● **WHAT YOU ARE ASKED TO DO**
Return each entry word for word and skip its pictures.

● **GIVEN RECORDS**
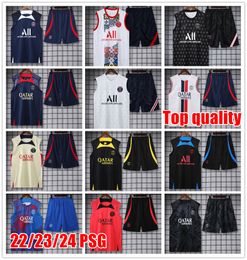 2023 PSGS Tracksuit Soccer Jerseys Vest Men Training Costume Shorts 23 24 New Paris Sportswear Football Jersey Kit uniforme Chandal Sweatirt Sweater Top Top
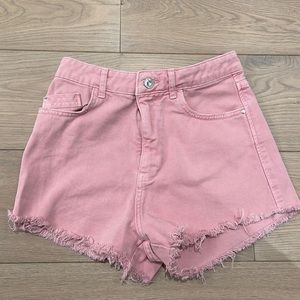 Zara pink denim shorts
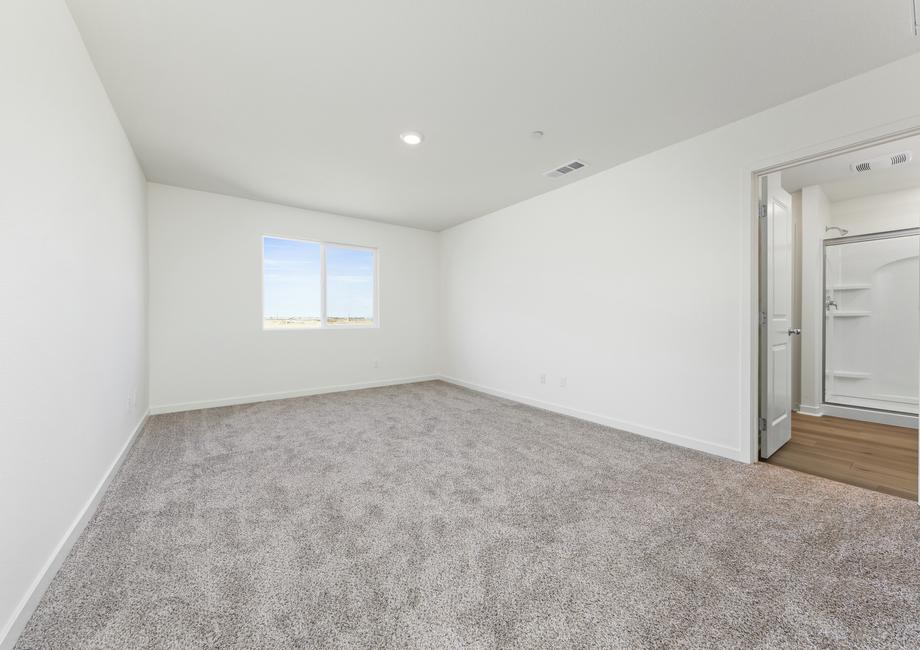 The master bedroom is spacious and has carpet. 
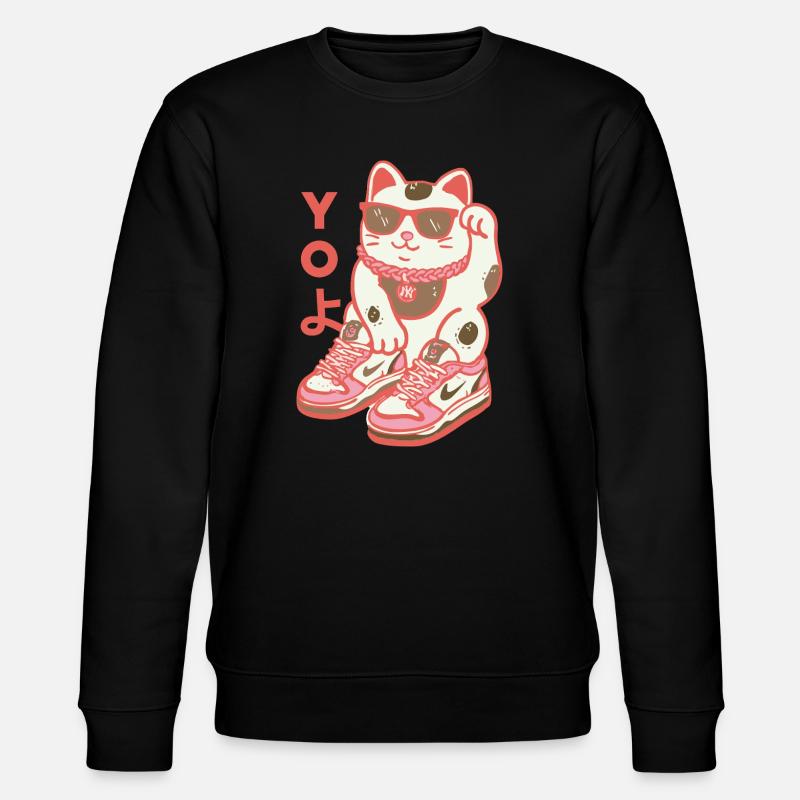 Sunny Cat Sneaker Squad - Stanley/Stella CHANGER Unisex Organic Sweatshirt - black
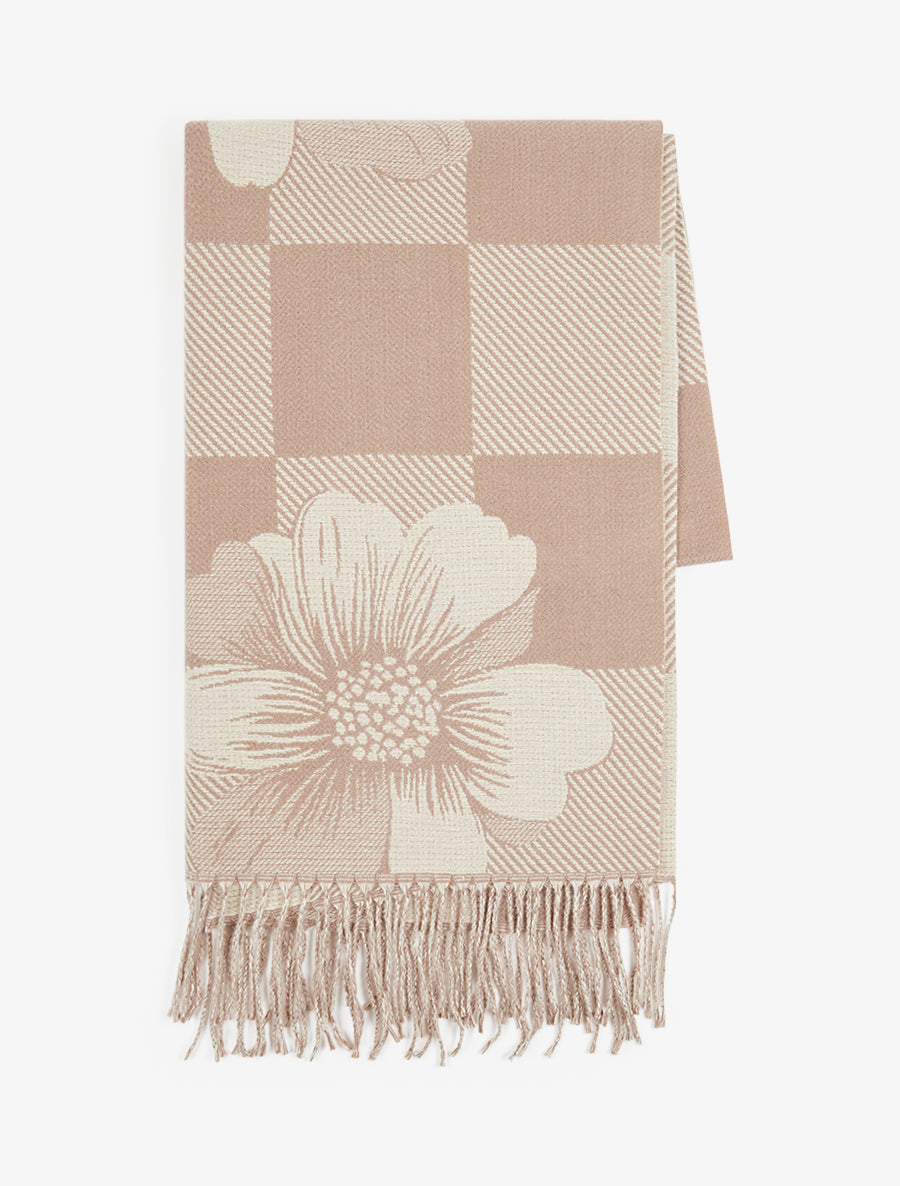 Echarpe à carreaux et fleurs - Taupe clair - 2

● **SOLUTION TO THE PROBLEM**
 2023 PSGS Tracksuit Soccer Jerseys Vest Men Training Costume Shorts 23 24 New Paris Sportswear Football Jersey Kit uniforme Chandal Sweatirt Sweater Top Top
 Zara pink denim shorts
 The master bedroom is spacious and has carpet. 
 Sunny Cat Sneaker Squad - Stanley/Stella CHANGER Unisex Organic Sweatshirt - black
 Echarpe à carreaux et fleurs - Taupe clair - 2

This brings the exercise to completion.